I will not get into many technical details. You can get all the specs of the camera here. Briefly, the TG-4 is a rugged compact camera that can take the punishment. You can drop it from 2.1 meters or submerge it to 15 m and it will still perform great. It has a fast f/2.0 wide angle zoom lens and, the thing I like most about it, it’s capable of shooting RAW. I think it’s the first rugged compact with this option.
As soon as I got the camera in the mailbox, I started playing with it. I’m lucky to have some pretty nice boulders in my backyard and I thought that would be a nice spot to test some features. Together with Anca, we randomly chose a boulder and she started warming up by climbing an easy crack. I shot wide open at f/2.0. Of course, you can’t get the shallow depth of field of a DSLR because of sensor size, but you can still play a lot. We only had time to take 3 or 4 photos and rain started pouring in. f/2.0 should be quite helpful in low light conditions, but since we’re at the time of the Midnight Sun here, I was not able to shoot in low light.

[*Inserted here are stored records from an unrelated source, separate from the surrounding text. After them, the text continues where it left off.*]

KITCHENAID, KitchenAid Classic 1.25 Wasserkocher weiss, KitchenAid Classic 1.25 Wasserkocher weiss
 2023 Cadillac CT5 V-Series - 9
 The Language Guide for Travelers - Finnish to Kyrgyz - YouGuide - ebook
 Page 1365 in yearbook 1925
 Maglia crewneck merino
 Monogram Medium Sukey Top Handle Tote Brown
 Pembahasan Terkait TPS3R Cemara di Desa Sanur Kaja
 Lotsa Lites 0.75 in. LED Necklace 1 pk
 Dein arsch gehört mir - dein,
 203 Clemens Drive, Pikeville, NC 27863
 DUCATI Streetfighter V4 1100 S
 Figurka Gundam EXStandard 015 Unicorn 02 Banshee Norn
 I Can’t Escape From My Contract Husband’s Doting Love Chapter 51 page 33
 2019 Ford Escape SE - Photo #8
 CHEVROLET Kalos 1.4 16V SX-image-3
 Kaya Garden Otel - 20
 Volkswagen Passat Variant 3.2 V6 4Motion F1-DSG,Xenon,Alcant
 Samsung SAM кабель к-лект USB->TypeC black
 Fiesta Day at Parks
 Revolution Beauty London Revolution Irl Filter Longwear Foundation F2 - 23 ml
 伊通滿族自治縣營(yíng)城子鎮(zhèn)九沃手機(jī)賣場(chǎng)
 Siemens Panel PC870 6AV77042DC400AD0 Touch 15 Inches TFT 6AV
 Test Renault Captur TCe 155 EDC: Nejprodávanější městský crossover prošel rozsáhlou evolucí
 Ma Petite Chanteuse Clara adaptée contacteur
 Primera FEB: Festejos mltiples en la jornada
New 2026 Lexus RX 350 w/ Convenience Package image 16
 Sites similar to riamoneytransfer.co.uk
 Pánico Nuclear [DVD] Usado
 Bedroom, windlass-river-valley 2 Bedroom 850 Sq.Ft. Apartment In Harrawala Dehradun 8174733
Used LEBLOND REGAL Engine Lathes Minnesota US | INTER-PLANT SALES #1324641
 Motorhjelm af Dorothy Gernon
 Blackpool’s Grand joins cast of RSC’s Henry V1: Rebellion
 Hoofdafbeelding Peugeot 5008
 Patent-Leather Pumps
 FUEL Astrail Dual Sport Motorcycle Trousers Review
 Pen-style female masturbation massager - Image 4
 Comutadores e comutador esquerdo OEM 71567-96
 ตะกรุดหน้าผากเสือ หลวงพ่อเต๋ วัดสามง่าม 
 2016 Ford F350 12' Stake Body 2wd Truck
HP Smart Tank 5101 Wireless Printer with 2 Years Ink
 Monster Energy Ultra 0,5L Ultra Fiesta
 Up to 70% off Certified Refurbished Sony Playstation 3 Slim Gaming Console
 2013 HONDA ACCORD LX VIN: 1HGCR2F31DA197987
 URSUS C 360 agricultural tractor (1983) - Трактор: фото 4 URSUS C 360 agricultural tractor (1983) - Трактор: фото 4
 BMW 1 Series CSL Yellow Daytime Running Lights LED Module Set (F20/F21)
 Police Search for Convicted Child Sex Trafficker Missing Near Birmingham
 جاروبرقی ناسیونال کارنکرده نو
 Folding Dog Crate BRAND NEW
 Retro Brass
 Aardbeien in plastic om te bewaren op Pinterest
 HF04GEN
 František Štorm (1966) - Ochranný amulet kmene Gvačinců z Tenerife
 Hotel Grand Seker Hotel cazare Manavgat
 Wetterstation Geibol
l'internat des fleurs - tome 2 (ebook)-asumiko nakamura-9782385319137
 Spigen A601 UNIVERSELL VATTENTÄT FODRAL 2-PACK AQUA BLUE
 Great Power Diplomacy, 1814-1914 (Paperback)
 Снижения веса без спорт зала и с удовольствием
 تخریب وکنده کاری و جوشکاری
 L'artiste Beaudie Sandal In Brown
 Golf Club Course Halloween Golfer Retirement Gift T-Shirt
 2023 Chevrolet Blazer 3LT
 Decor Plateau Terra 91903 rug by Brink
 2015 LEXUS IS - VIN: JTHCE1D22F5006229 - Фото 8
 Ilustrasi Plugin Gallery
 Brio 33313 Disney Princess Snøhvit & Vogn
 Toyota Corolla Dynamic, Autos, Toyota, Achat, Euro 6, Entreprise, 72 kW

The image below was downloaded from the camera to my IPhone via Olympus Image Share (iOs/Android) and processed inside the app, then directly shared on social media. Pretty neat.
As we got to low light, there’s a nice feature of the camera that can keep you busy for a lot of time in low light: Live Composite. Live Composite makes long exposure photography easier. Shooting star trails, for example, is a piece of cake. I would have liked to try this option (I played with it on the Olympus OM-D E-M5 Mark II and I loved it.), but again the Midnight Sun did not allow it.
I took the camera hiking on Mannen, a very nice mountain between the beaches at Haukland and Uttakleiv. Together with Anca and Ingri, we spent some great time under the Midnight Sun. And the camera revealed it’s greatest feature: the ability to shoot RAW files. After a bit of tweaking in Adobe Lightroom, you get photos that can be used commercially without any problem. And for the size of the camera, that’s pretty remarkable.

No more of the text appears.